▶ _Dataset entries_
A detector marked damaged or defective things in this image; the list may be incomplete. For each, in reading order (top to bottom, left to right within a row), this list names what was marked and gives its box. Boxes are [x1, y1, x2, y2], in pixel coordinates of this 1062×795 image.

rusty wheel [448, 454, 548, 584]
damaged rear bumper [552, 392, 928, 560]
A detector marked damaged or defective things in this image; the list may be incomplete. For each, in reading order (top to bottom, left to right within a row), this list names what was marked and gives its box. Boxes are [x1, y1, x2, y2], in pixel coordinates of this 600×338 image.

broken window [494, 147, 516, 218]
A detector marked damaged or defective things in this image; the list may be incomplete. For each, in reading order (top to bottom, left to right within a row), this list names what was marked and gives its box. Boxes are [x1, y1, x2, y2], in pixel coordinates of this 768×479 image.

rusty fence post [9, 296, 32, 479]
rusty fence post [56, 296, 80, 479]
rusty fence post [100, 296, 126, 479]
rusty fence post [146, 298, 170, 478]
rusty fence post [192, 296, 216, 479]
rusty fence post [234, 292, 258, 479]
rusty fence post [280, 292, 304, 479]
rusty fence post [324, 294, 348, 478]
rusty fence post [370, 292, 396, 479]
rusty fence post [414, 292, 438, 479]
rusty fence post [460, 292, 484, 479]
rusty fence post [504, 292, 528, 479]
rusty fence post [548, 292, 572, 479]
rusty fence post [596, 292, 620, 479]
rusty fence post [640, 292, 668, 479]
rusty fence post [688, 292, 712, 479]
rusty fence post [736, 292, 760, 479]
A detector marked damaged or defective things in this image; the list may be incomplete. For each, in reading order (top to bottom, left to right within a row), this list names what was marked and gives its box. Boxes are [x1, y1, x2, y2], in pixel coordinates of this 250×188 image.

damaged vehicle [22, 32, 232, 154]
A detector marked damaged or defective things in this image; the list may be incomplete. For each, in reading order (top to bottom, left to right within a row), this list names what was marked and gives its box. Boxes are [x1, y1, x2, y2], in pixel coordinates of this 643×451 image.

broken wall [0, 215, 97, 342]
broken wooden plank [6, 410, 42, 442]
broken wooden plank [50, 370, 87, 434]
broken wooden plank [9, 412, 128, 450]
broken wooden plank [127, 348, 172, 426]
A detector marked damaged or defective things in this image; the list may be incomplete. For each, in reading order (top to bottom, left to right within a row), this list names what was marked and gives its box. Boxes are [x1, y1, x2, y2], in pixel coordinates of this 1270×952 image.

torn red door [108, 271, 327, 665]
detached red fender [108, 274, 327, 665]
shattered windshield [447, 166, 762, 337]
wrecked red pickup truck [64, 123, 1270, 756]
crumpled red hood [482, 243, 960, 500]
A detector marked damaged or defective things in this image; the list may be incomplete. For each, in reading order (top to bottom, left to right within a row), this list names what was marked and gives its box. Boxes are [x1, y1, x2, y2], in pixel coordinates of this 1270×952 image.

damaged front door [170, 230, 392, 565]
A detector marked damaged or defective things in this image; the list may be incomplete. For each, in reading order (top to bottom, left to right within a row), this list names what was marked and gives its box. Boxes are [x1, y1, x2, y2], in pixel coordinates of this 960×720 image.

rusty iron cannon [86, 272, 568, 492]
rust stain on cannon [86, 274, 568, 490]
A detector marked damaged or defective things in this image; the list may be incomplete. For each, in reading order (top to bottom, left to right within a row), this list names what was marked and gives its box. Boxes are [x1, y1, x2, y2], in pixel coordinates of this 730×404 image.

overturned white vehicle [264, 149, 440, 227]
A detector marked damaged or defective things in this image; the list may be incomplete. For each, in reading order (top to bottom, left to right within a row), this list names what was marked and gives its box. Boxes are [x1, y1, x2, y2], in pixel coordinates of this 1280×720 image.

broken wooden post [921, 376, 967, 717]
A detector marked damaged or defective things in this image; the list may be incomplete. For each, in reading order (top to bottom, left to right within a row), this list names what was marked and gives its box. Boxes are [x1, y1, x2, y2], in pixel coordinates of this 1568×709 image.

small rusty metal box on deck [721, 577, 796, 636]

▶ _YOUR INSTRUCTIONS_
Locate the line that contains "this 960×720 image.", then please quote it and every line after it to the end of the entries above, exactly and with nothing else.

▶ _RESULT_
A detector marked damaged or defective things in this image; the list may be incomplete. For each, in reading order (top to bottom, left to right within a row), this list names what was marked and gives its box. Boxes are [x1, y1, x2, y2], in pixel coordinates of this 960×720 image.

rusty iron cannon [86, 272, 568, 492]
rust stain on cannon [86, 274, 568, 490]
A detector marked damaged or defective things in this image; the list may be incomplete. For each, in reading order (top to bottom, left to right within a row), this list names what was marked and gives its box. Boxes are [x1, y1, x2, y2], in pixel coordinates of this 730×404 image.

overturned white vehicle [264, 149, 440, 227]
A detector marked damaged or defective things in this image; the list may be incomplete. For each, in reading order (top to bottom, left to right within a row), this list names what was marked and gives its box. Boxes are [x1, y1, x2, y2], in pixel coordinates of this 1280×720 image.

broken wooden post [921, 376, 967, 717]
A detector marked damaged or defective things in this image; the list may be incomplete. For each, in reading order (top to bottom, left to right within a row), this list names what was marked and gives its box. Boxes are [x1, y1, x2, y2], in pixel coordinates of this 1568×709 image.

small rusty metal box on deck [721, 577, 796, 636]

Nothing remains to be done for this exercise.